(Brief)
Reproduce everything from the line that contains "Изысканное старинное бюро и кресло. Европа" down to the line that contains "Vụ học sinh" in the listing below, word for word and nothing more. Leave the pictures out.

(Task input)
== Segment start ==

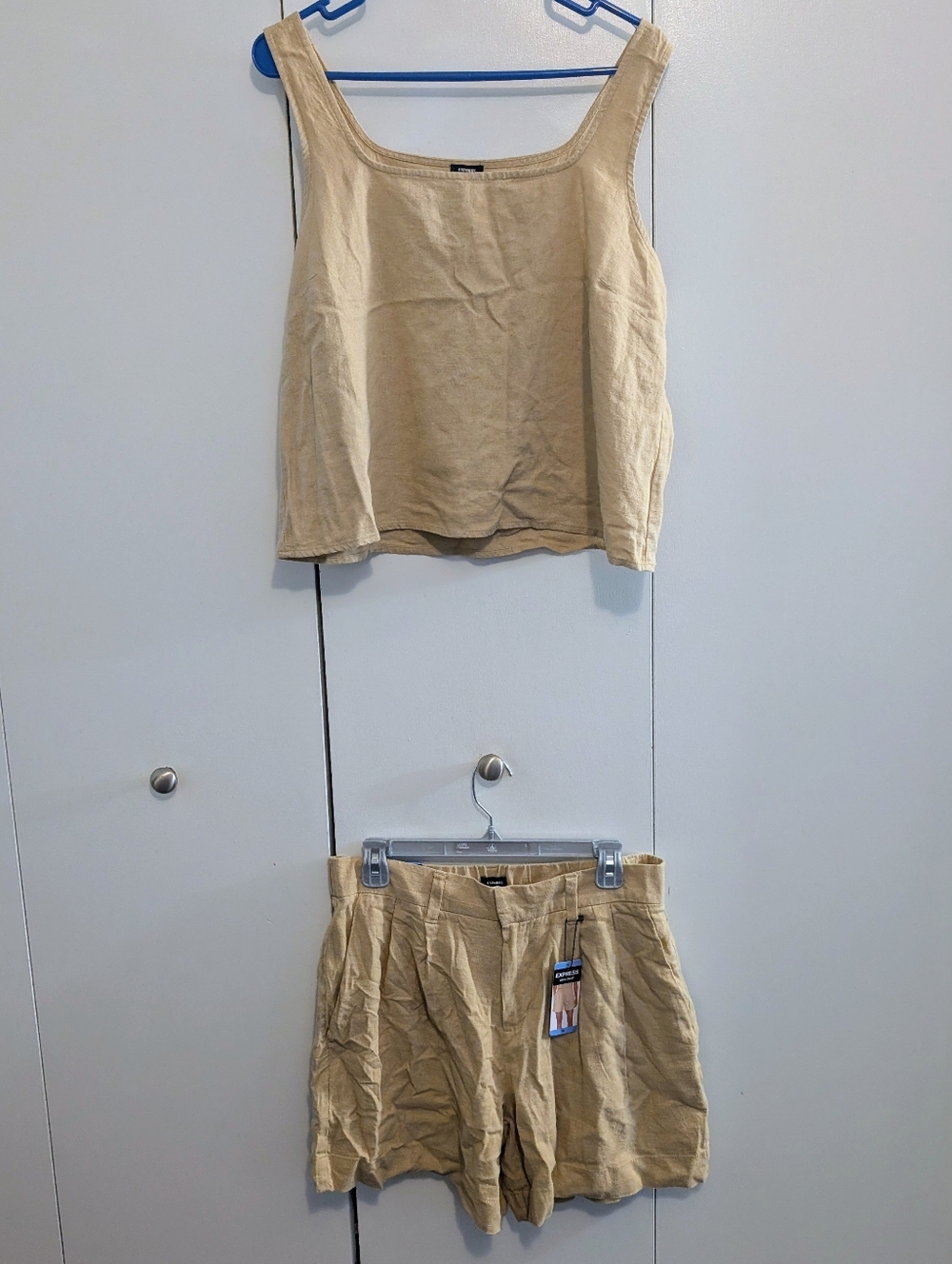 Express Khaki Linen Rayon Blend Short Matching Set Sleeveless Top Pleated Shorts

== Segment end ==
== Segment start ==

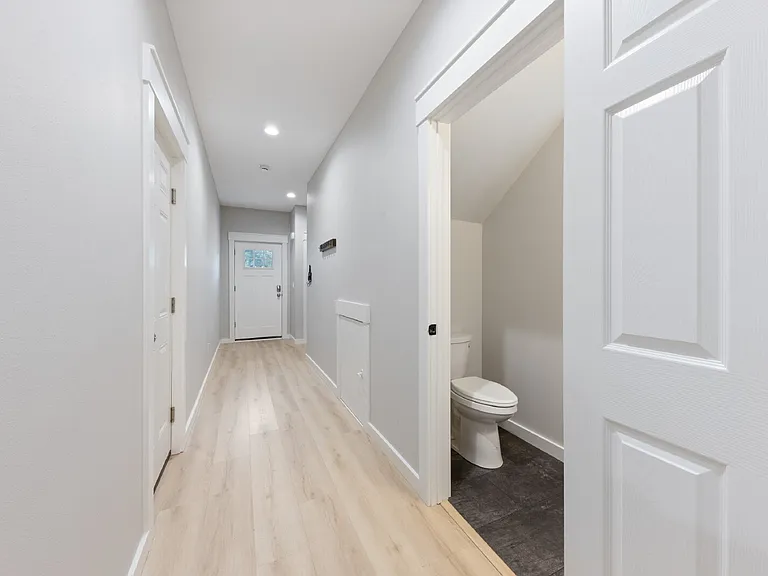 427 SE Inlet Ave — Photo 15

== Segment end ==
== Segment start ==

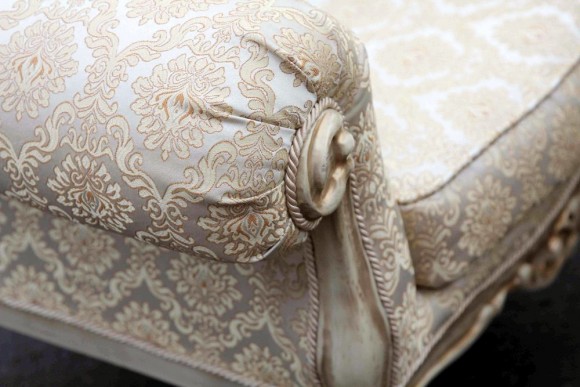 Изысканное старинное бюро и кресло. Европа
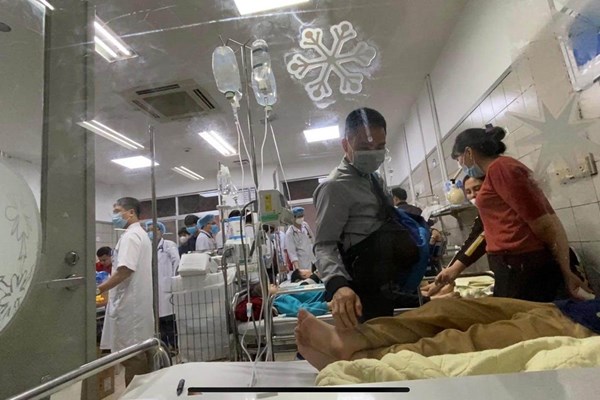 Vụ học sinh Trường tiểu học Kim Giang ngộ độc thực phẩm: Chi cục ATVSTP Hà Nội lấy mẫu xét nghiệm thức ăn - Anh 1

== Segment end ==

(Answer to the exercise)
 Изысканное старинное бюро и кресло. Европа
 Vụ học sinh Trường tiểu học Kim Giang ngộ độc thực phẩm: Chi cục ATVSTP Hà Nội lấy mẫu xét nghiệm thức ăn - Anh 1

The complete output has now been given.